Does not run in Pytorch 1.3.1
michaelklachko opened this issue · 0 comments
I just cloned your repo and when I'm launching the command:
CUDA_VISIBLE_DEVICES=2,3,4,5 python imagenet.py -a mobilenetv2 -d /path/to/dataset/ImageNet2012/ --epochs 150 --lr-decay cos --lr 0.05 --wd 4e-5 -c checkpoints --width-mult 1 --input-size 224 -j 12
It gets stuck at this point:
=> creating model 'mobilenetv2'
Epoch: [1 | 150]
Processing
<Ctrl+C pressed after 10 min of nothing happening:>
^CTraceback (most recent call last):
File "imagenet.py", line 403, in <module>
main()
File "imagenet.py", line 224, in main
train_loss, train_acc = train(train_loader, train_loader_len, model, criterion, optimizer, epoch)
File "imagenet.py", line 271, in train
for i, (input, target) in enumerate(train_loader):
File "/home/michael/mobilenetv2.pytorch/utils/dataloaders.py", line 190, in prefetched_loader
for next_input, next_target in loader:
File "/home/michael/miniconda2/envs/pt/lib/python3.7/site-packages/torch/utils/data/dataloader.py", line 804, in __next__
idx, data = self._get_data()
File "/home/michael/miniconda2/envs/pt/lib/python3.7/site-packages/torch/utils/data/dataloader.py", line 761, in _get_data
success, data = self._try_get_data()
File "/home/michael/miniconda2/envs/pt/lib/python3.7/site-packages/torch/utils/data/dataloader.py", line 724, in _try_get_data
data = self._data_queue.get(timeout=timeout)
File "/home/michael/miniconda2/envs/pt/lib/python3.7/queue.py", line 179, in get
self.not_empty.wait(remaining)
File "/home/michael/miniconda2/envs/pt/lib/python3.7/threading.py", line 300, in wait
gotit = waiter.acquire(True, timeout)
KeyboardInterrupt
Nothing is happening at this point. nvidia-smi shows that a single GPU consumes ~500M of memory, and CPU cores are ~60% busy, but it's not clear what are they doing. I waited for 10 minutes before aborting. I also tried it on a single GPU - same issue.
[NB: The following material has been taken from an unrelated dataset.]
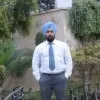 jasbir gill
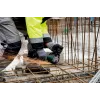 Szlifierka kątowa Metabo W 18 L 9-125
If I switch to --data-backend dali-cpu
(using nvidia-dali version 0.16) it fails with the following error:
=> creating model 'mobilenetv2' Traceback (most recent call last): File "imagenet.py", line 403, in <module> main() File "imagenet.py", line 194, in main train_loader, train_loader_len = get_train_loader(args.data, args.batch_size, workers=args.workers, input_size=args.input_size) TypeError: gdtl() got an unexpected keyword argument 'input_size'
I'm using Pytorch 1.3.1 with 4x Titan Xp cards. The only thing I had to change in your code is to replace cuda(async=True)
with cuda(non_blocking=True)
. Changing tonon_blocking=False
does not help.
Can you please try cloning your repo to a clean Pytorch 1.3.1 environment and see if you can run it? Any idea what's going on?